## Directions for this task
Restate word for word the lines of the material below, from the line with "チビ襟オーバーサイズシャツ/ フランネル レーヨン・ガーメントダイ" to the line with "الكرواسون في خطر..", both lines included, and no others.

## Dataset records
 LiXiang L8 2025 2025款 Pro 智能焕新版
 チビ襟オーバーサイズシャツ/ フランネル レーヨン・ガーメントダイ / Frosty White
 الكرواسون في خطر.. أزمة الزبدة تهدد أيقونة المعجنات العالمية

---

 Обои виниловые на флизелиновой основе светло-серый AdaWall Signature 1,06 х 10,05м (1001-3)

==

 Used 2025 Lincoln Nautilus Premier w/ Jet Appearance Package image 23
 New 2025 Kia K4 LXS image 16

## Task answer
 チビ襟オーバーサイズシャツ/ フランネル レーヨン・ガーメントダイ / Frosty White
 الكرواسون في خطر.. أزمة الزبدة تهدد أيقونة المعجنات العالمية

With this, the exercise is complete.